Modern Do-Gooders
Friday, March 21st, 2008David Brooks presents a spot-on description of the modern social entrepreneur in “Thouroughly Modern Do-Gooders”, painting an accurate picture of the backgrounds, methodologies, and drive behind today’s new breed of social activist…
“The people who fit into this category tend to have plenty of résumé bling. Bill Drayton, the godfather of this movement, went to Harvard, Yale, Oxford and McKinsey before founding Ashoka, a global change network. Those who follow him typically went to some fancy school and then did a stint with Teach for America or AmeriCorps before graduate school. Then, they worked for a software firm before deciding to use what they’d learned in business to help the less fortunate.
Earlier generations of benefactors thought that social service should be like sainthood or socialism. But this one thinks it should be like venture capital…
The venture-capital ethos means instead that these social entrepreneurs are almost willfully blind to ideological issues. They will tell you, even before you have a chance to ask, that they are data-driven and accountability-oriented. They’re always showing you multivariate regressions or explaining why some promising idea “didn’t pencil out.”

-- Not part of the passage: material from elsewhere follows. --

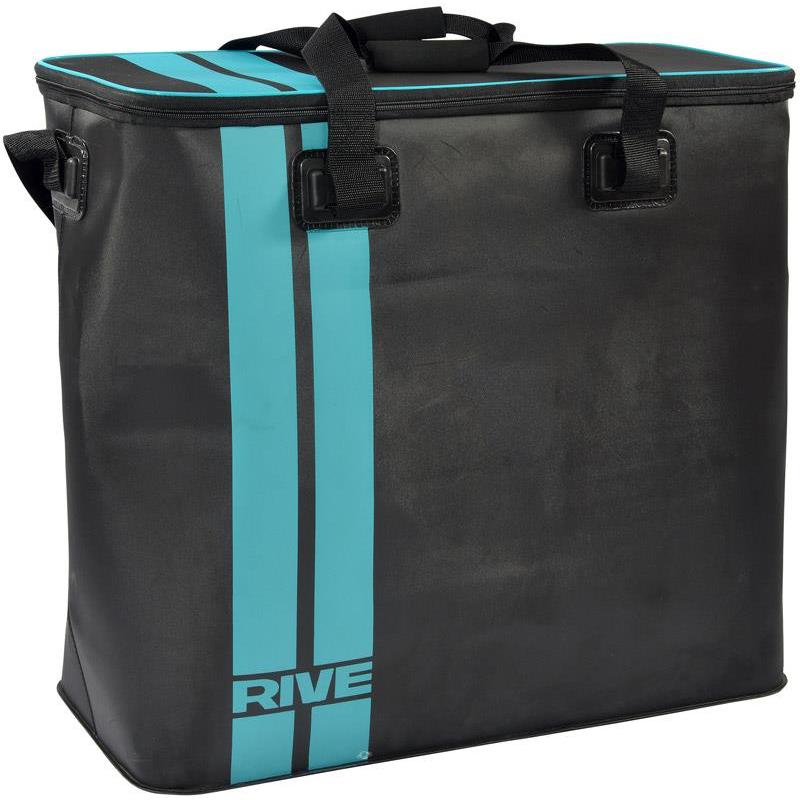 Sac A Bourriche Rive Eva Aqua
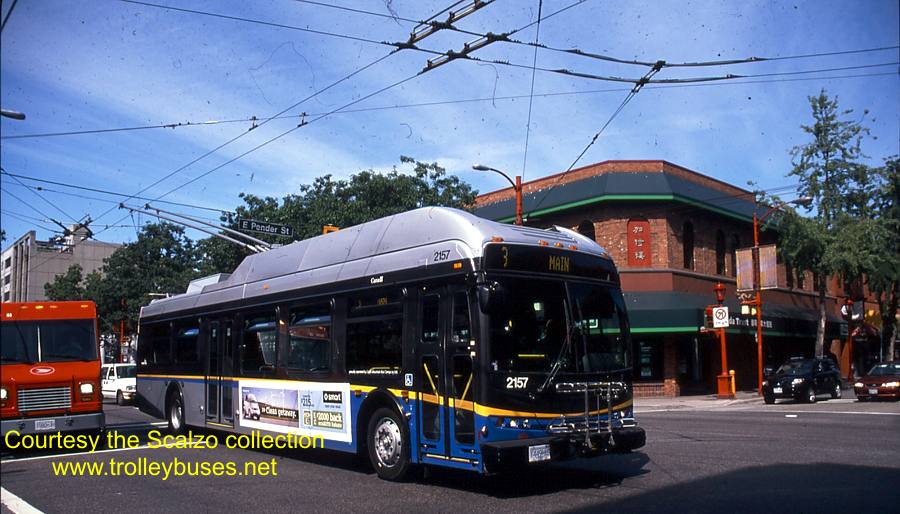 can_m_van_newflyer_2157_20070619_ss.jpg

In classic Brook’s Bobos in Paradise fashion, he also calls out a more restrained sense of external identification amongst this new generation of social entrepreneurs…
These thoroughly modern do-gooders dress like venture capitalists. They talk like them. They even think like them. That means that aside from the occasional passion for heirloom vegetables, they are not particularly crunchy. They don’t wear ponytails, tattoos or Birkenstocks. They don’t devote any energy to countercultural personal style, unless you consider excessive niceness a subversive fashion statement.
Brooks portrait is in many ways inspiring and the power of bringing market oriented solutions to global problems is undeniable, yet I do wonder if we will be doing so by sacrificing passion. When he depicts the generation as “willfully blind to ideological issues” he does so as a compliment to our practicality, but by trading the irrational and helpful commitment that comes only from ideological drive do we risk burning out when our quantitatively and economically derived solutions do not pan out fast enough? I certainly do not have the answer, but I believe it is important question for us to ask ourselves.